But it was the man who showed me the man whom I’m most thrilled for. He might have been a masochist for the Crimson Tide, too, but I also remember this moment, a testimonial of sorts.
At our annual Cub Scout banquet when I was nine, the head scout leader, Jack Guyton, stood up and awarded this man a prize: a framed picture and autograph of famous Alabama quarterback, Joe Namath (who got benched in 1964 for off the field wanderings, his backup, Steve Sloan, leading us to a Sugar Bowl victory over Ole Miss in the New Orleans snow no less).
“We’re giving this award to a man whose love for Alabama football is unmatched,” Mr. Guyton said.
And as I was wondering, but somehow secretly knowing, who that man was, I heard Mr. Guyton call my father’s name. I watched my dad, Alvin Barr, walk to the stage and receive his plaque to the cheers and delight of everyone there. And the bemusement, because everyone there who knew my dad knew that this award went to the right man. The most passionate, craziest Bama fan.
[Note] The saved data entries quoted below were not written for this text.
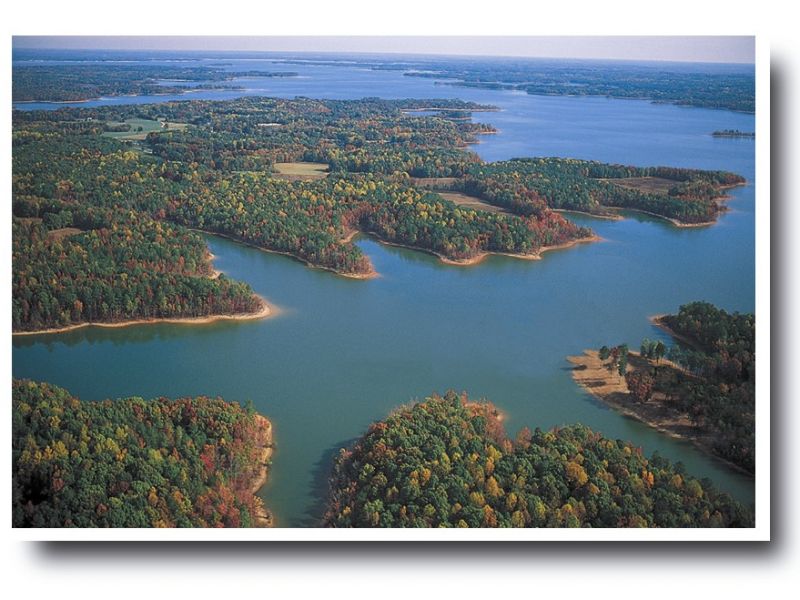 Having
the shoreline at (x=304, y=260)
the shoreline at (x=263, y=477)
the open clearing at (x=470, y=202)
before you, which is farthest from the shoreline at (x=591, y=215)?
the shoreline at (x=263, y=477)

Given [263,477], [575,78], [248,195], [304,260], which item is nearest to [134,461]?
[263,477]

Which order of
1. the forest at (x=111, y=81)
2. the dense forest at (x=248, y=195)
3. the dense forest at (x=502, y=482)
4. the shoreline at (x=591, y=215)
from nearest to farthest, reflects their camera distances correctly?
the dense forest at (x=502, y=482)
the dense forest at (x=248, y=195)
the forest at (x=111, y=81)
the shoreline at (x=591, y=215)

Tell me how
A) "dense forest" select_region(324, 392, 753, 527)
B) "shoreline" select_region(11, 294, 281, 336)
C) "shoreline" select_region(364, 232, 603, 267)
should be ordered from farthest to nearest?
1. "shoreline" select_region(364, 232, 603, 267)
2. "shoreline" select_region(11, 294, 281, 336)
3. "dense forest" select_region(324, 392, 753, 527)

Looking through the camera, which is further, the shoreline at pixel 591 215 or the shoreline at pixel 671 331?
the shoreline at pixel 591 215

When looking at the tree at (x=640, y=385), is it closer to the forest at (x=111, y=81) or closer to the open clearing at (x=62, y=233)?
the forest at (x=111, y=81)

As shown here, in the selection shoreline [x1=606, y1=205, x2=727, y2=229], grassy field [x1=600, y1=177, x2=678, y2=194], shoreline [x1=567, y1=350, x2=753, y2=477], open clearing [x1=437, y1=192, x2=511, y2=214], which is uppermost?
grassy field [x1=600, y1=177, x2=678, y2=194]

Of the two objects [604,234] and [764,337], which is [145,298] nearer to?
[764,337]

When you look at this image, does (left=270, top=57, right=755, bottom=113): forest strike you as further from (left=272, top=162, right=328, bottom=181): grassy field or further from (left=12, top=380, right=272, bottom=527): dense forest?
(left=12, top=380, right=272, bottom=527): dense forest


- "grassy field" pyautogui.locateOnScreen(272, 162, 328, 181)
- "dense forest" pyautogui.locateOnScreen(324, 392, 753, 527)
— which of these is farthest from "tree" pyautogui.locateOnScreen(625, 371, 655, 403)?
"grassy field" pyautogui.locateOnScreen(272, 162, 328, 181)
My dad might have been a masochist, too, but he would have understood what I did last night. He would have understood Nick Saban and loved him. He might even have agreed that Alabama’s current coach is the greatest in our history.
My mother tells this story about the kind of fan my dad was:
“When Bear Bryant came back to coach at Alabama, your daddy was so happy that he declared, ‘We’ll never lose another game.’”
That’s funny except that if you knew my dad, you also know that he believed it.
He’d so appreciate Nick Saban then for this reason, among many psychological others:
In Saban’s eleven years, Alabama has lost a few games. Twenty, to be exact. Six of those losses came in his first year at Bama.
Not bad.
For a masochist.
So Roll Tide to all, and now, about those t-shirts.